Embracing the Sensitive Man

"The sensitivity of boys never ceases to astound me."

-- Rod Boothroyd

I believe something profound will change in the world when men are regarded more immensely as being highly sensitive beings in their own right. Not in comparison to or to take anything from the subsequent and equally significant sensitivity in women (as we can so easily fall into the fractured pain-blame-games still waged between the genders).

The challenge is our world, even in the throes of a dying patriarchy, has marked men harshly for so long in not being acknowledged or stewarded into an enduring embodiment of their softness, their tenderness and healthy actualization of their Lover within.

It's helpful to consider when working with men, relating to men or being a man yourself to recall the adorable sensitivity we embodied as boys; as delightful children.

If you watch male children, you will see the same universal beauty we celebrate in all children.

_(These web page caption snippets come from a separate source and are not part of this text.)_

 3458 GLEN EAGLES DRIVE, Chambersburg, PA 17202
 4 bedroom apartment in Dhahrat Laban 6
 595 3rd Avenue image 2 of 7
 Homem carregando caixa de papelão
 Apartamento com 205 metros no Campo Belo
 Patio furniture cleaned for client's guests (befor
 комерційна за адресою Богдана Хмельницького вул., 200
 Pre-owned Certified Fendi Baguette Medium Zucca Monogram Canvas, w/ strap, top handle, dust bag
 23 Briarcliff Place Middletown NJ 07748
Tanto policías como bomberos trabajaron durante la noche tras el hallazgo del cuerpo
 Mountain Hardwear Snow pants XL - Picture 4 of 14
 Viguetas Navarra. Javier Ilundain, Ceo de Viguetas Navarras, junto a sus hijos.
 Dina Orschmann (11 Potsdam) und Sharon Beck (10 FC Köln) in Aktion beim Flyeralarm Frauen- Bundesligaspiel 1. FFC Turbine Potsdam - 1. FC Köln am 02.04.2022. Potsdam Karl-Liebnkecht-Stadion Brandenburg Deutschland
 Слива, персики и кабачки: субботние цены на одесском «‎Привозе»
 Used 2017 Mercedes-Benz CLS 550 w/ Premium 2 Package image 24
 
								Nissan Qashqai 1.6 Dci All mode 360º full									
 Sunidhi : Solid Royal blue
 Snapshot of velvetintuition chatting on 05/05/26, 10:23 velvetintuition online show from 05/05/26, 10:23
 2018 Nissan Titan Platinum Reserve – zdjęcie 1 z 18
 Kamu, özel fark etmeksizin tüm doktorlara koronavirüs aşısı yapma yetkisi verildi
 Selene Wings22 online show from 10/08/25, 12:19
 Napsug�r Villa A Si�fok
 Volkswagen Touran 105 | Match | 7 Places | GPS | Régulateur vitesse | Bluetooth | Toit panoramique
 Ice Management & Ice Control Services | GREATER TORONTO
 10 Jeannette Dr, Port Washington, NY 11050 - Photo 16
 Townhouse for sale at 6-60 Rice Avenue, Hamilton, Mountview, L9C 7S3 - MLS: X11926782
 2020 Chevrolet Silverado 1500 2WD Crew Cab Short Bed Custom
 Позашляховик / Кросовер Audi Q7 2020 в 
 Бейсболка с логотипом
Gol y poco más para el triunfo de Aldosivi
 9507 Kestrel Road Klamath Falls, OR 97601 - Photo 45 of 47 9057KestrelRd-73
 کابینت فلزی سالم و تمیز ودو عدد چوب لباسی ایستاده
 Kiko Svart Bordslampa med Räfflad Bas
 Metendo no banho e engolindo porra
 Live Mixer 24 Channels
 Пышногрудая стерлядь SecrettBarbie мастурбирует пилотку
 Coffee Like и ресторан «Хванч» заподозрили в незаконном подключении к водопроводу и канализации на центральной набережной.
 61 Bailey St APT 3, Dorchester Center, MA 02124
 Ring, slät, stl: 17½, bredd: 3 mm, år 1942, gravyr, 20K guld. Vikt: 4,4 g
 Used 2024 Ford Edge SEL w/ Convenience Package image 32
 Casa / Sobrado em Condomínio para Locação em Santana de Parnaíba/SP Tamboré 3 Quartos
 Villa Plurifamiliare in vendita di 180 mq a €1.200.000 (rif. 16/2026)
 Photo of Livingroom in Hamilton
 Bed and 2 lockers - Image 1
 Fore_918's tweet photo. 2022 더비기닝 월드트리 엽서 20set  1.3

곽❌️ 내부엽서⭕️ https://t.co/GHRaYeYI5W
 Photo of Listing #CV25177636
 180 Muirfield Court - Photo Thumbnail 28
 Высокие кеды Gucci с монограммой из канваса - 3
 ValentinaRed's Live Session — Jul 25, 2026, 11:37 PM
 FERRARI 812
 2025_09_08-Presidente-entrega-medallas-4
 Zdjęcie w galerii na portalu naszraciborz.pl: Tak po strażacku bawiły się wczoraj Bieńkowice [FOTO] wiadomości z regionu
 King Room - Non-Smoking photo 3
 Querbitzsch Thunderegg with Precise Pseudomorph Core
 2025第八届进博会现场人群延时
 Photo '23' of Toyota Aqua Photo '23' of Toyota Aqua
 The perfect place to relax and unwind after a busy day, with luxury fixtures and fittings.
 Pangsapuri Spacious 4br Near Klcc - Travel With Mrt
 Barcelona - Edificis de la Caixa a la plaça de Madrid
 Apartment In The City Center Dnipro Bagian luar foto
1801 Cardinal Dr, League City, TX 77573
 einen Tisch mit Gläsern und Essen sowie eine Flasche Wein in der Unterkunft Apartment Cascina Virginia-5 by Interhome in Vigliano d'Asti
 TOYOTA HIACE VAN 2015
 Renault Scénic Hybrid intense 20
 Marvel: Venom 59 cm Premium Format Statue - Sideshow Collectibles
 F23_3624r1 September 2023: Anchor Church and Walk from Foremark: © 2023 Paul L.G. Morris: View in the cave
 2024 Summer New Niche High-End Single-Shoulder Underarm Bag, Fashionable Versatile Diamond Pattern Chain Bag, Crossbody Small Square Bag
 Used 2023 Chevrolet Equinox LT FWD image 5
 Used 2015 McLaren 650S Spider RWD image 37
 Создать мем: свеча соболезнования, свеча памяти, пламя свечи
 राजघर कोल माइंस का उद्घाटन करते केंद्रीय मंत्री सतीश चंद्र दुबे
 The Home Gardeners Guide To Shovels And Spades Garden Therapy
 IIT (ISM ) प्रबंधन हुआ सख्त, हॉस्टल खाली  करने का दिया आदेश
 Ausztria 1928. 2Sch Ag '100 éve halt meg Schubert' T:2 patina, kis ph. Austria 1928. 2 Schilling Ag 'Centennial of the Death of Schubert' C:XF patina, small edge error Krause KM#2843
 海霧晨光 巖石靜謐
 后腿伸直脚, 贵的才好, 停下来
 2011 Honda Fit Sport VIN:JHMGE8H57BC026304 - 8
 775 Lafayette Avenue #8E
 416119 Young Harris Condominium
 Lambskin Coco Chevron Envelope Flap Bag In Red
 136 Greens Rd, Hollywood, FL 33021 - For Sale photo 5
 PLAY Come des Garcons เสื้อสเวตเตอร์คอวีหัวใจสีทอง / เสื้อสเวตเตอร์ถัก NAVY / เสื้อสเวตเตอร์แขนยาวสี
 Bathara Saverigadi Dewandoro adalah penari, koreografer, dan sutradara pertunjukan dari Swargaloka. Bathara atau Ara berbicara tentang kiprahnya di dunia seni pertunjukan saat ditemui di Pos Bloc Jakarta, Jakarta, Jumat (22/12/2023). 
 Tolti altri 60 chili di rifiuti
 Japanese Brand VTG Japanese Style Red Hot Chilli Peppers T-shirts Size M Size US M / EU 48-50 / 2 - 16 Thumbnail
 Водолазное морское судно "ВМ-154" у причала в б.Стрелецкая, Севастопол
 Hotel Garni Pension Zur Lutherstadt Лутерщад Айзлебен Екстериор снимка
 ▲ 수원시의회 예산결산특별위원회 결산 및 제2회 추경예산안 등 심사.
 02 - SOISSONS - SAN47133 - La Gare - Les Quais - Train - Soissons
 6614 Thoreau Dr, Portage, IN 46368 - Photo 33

That defenseless heart, brimming with unbridled love and the desire to connect with others and the whole world in endearing constancy and without any inhibitions chilling the mighty embrace of our unencumbered, innocent, holy humanness.

The spontaneous flow of feelings, easeful, tremendous in grace, brilliant in its effusiveness and even perspicaciously wise in its candour (have you ever asked children deep questions about life?). The constancy of smiles. The endless wilds of joy. The songs of laughter and yes too the paeans of grief.

All children remind us why humanity is so beautifully wonderful and sacred.

But then something happens. They grow up. Culture increasingly targets them, conditions them. The wounds of the West get them, that patriarchal hubris, that hangover of Christendom, that subtly and even grossly shames so many primal impulses or, worse, twists them into distorted psychological level-control mechanisms to initiate them as manipulatable consumers.

The division games are taught and intellectual dogmas that split and then arm masculine and feminine against each other, within AND without. The distorted duplicity of commercialism that exploits us for profits, manipulating us to so many amoral ends. And the anemic education system, bereft of deep sexual, psychological and philosophical cultivations, that leave our maturity hanging in the most precarious shape.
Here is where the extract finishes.